Critical role of activated protein C in early coagulopathy and later organ failure, infection and death in trauma patients

Abstract

Background: Recent studies have identified an acute traumatic coagulopathy that is present on admission to the hospital and is independent of iatrogenic causes. We have previously reported that this coagulopathy is due to the association of severe injury and shock and is characterized by a decrease in plasma protein C (PC) levels. Whether this early coagulopathy and later propensity to infection, multiple organ failure and mortality are associated with the activation of PC pathway has not been demonstrated and constitutes the aim of this study.

Methods and findings: This was a prospective cohort study of 203 major trauma patients. Serial blood samples were drawn on arrival in the emergency department, and at 6, 12, and 24 hours after admission to the hospital. PT, PTT, Va, VIIIa, PC aPC t-PA, and D-dimer levels were assayed. Comprehensive injury, resuscitation, and outcome data were prospectively collected. A total of 203 patients were enrolled. Patients with tissue hypoperfusion and severe traumatic injury showed a strong activation of the PC which was associated with a coagulopathy characterized by inactivation of the coagulation factors V and VIII and a derepression of the fibrinolysis with high plasma levels of plasminogen activator and high D-dimers. Elevated plasma levels of activated PC were significantly associated with increased mortality, organ injury, increased blood transfusion requirements, and reduced ICU ventilator-free days. Finally early depletion of PC after trauma is associated with a propensity to posttraumatic ventilator-associated pneumonia.

Conclusions: Acute traumatic coagulopathy occurs in the presence of tissue hypoperfusion and severe traumatic injury and is mediated by activation of the PC pathway. Higher plasma levels of aPC upon admission are predictive of poor clinical outcomes after major trauma. After activation, patients who fail to recover physiologic plasma values of PC have an increased propensity to later nosocomial lung infection.

Figure 1. A combination of tissue injury and shock result in coagulopathy in trauma patients

Patients were divided into groups using previously described definitions of injury severity based on Injury Severity Score and Shock based on Base Deficit.
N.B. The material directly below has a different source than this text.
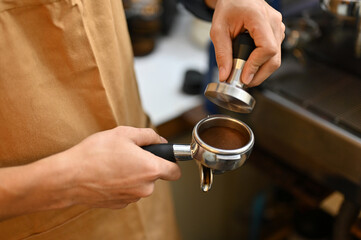 Fototapeta na wymiar Professional male barista holding portafiler, using coffee tamper to press coffee powder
This resulted in 4 groups; minimal injury, no shock (ISS<15 BD<6); minimal injury, shock (ISS>15 BD >6); severe injury, no shock (ISS>15 BD<6); and severe injury and shock (ISS >15, BD >6). Prothrombin time (PT) and partial thromboplastin time (PTT) were assayed. Patients with severe injury and shock had elevated PT (Panel A) and PTT (Panel B). All p<.05 by Kruskall Wallis rank test.
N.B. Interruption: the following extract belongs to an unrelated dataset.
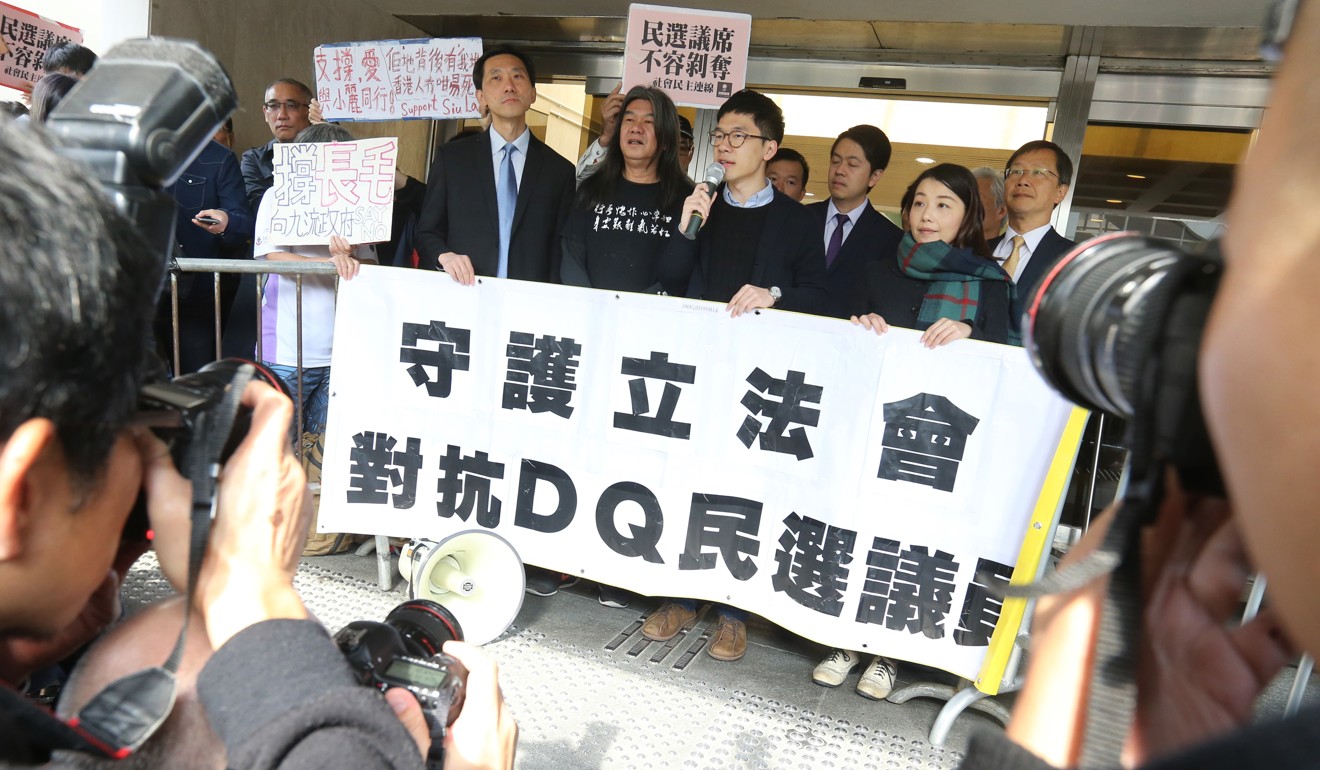 Disqualified Hong Kong lawmakers (holding banner) Edward Yiu Chung-yim, “Long Hair” Leung Kwok-hung, Nathan Law Kwun-chung and Lau Siu-lai outside the High Court in Admiralty. Photo: Dickson Lee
Figure 2. Tissue injury and shock result in a systemic activation of protein C pathway associated with coagulopathy in trauma patients

Patients were divided into groups using previously described definitions of injury severity based on Injury Severity Score and Shock based on Base Deficit. This resulted in 4 groups; minimal injury, no shock (ISS<15 BD<6); minimal injury, shock (ISS>15 BD >6); severe injury, no shock (ISS>15 BD<6); and severe injury and shock (ISS >15, BD >6). Plasma levels of activated protein C (aPC) and protein C (PC) were assayed, as described in the Methods. Patients with severe injury and shock had elevation of plasma levels of aPC (Panel A) and a concomitant decrease in levels of PC (Panel B). aPC levels were then divided into quartiles. Patients with the highest quartile of plasma levels of aPC had elevated PT (Panel C) and PTT (Panel D). All p<.05 by Kruskall Wallis rank test.
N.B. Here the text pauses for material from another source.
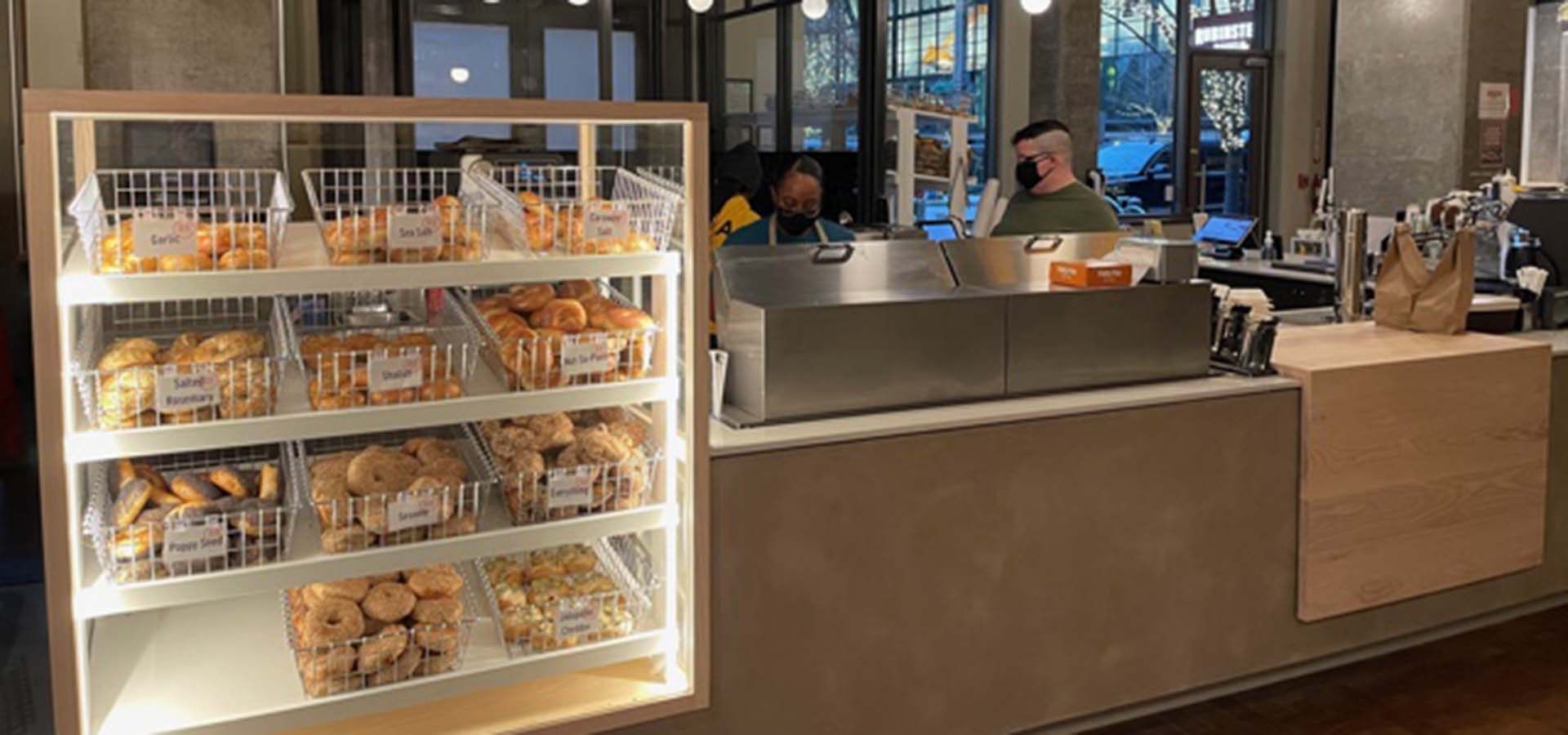 Store interior of a bagel counter with staff and baskets of bagels.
Figure 3. Systemic Activation of the protein C pathway is associated with the inactivation of factors Va and VIIIa and derepression of fibrinolysis in trauma patients

Patients were divided into quartiles based on plasma levels of activated protein C. Patients with the highest activation of protein C in the plasma (highest quartile) had a coagulopathy caused by deactivation of factor Va (Panel A) and factor VIIIa (Panel B). In addition, patients with the highest plasma level of aPC had a derepression of the fibrinolysis, as evidenced by elevated tPA and d-Dimers (Panel C&D).

Figure 4. Protein C depletion is associated with an increased incidence of nosocomial lung infection in trauma patients

Patients were divided in three groups based on changes in plasma levels of protein C during the first 24h after trauma. In one group of patients there was a significant increase in the plasma levels of protein C zymogen within 12 hours after trauma. The rest of the patients who had a decrease in the plasma levels of proten C zymogen were divided into two groups characterized either by a moderate decrease of plasma levels of PC with recovery or by a significant decrease in plasma levels of PC without recovery during the first 24 hours after trauma. Patients who decreased their plasma levels of PC without any recovery had a 2.7 times increase in nosocomial lung infection than those we show some recovery of the plasma levels of PC between 12 and 24 hours after trauma (OR 2.7 CI 1.05 −6.8 p = .04).